What are patients with obesity more likely to have while pregnant?

A

Patients with obesity are more likely to have pre-eclampsia and gestational diabetes.

43
Q

What is the best tool/practice for determining how far along a pregnancy is?

A

Ultrasound

44
Q

What is there an increased risk/ likelihood of when obesity (pre-existing or development during pregnancy) is present?

A

There is an increased likelihood of macrosomia and fetopelvic disproportion; operative vaginal birth; emergency Caesarean birth; postpartum hemorrhage; wound, genital tract, or urinary tract infection; birth trauma; and late fetal death. Patients with obesity are more likely to have pre-eclampsia and gestational diabetes.

45
Q

Causes of greater than expected weight gain during pregnancy?

A

Greater-than-expected weight gain during pregnancy may occur for many reasons, including multiple gestation, edema, gestational hypertension, and overeating

46
Q

What are the components of the GTPAL?

A

G: Total number of pregnancies the woman has had, including the current one

T: Total number of term pregnancies born after 37 weeks’ gestation (> 37 weeks)

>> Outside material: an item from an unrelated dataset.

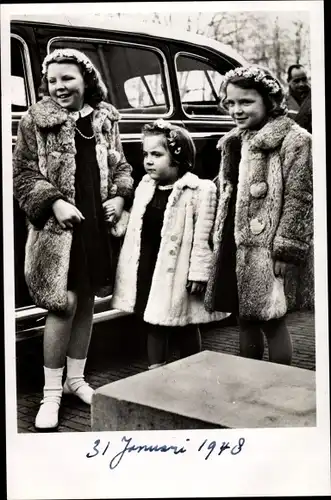 Ak Prinzessin Beatrix der Niederlande, Soestdijk 31 Januar 1948, Pelzmantel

P: Total number of preterm pregnancies (between 20 and before completion of 37 weeks’ gestation)

A: Total number of pregnancies that ended in either therapeutic abortion or spontaneous abortion before 20 weeks gestation

L: Total number of children currently alive to whom the woman has given birth

47
Q

What is the best treatment for Rh incompatibility?

A

Prevention remains the best treatment for Rh incompatibility. Since the antibody Rh IgG, or RhoGAM, was first released in 1968, it has been remarkably successful in decreasing Rh incompatibility

48
Q

Example of a bacteria/illness a pregnant women can get if she practice unsafe food preparation practices?

A

Listeriosis is a rare but serious infection caused by consuming a type of bacterium called Listeria monocytogenes (commonly called Listeria) that is sometimes found in food, water, and soil. If a pregnant patient develops listeriosis during the first 3 months of pregnancy they may experience a miscarriage.